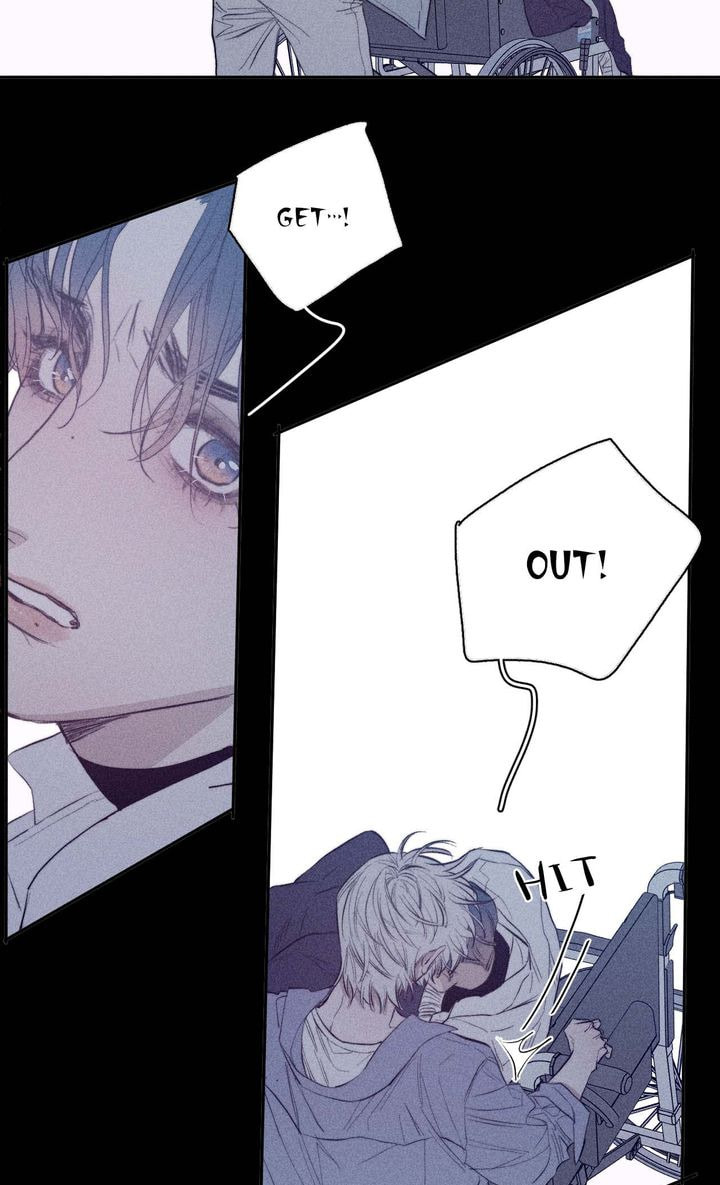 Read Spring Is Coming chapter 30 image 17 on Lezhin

--

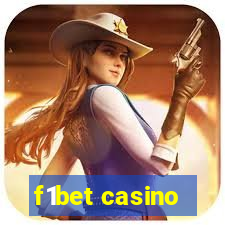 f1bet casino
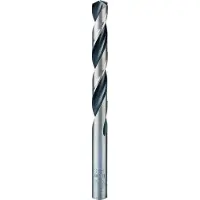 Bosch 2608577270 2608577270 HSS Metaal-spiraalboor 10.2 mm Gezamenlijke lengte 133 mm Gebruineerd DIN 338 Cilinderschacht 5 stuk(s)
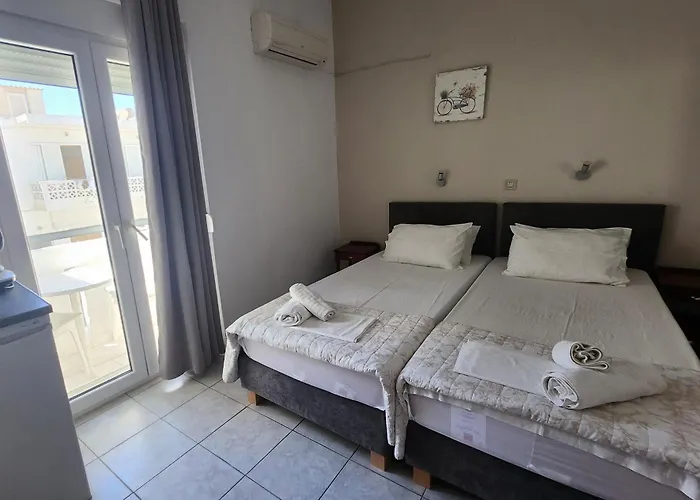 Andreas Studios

TASK PROMPT => Once the line with "Bosch 2608577270 2608577270" has been found above, output that line and every later line exactly, stopping after the line with "Andreas Studios", and omit the pictures.

COMPLETED TASK =>
 Bosch 2608577270 2608577270 HSS Metaal-spiraalboor 10.2 mm Gezamenlijke lengte 133 mm Gebruineerd DIN 338 Cilinderschacht 5 stuk(s)
 Andreas Studios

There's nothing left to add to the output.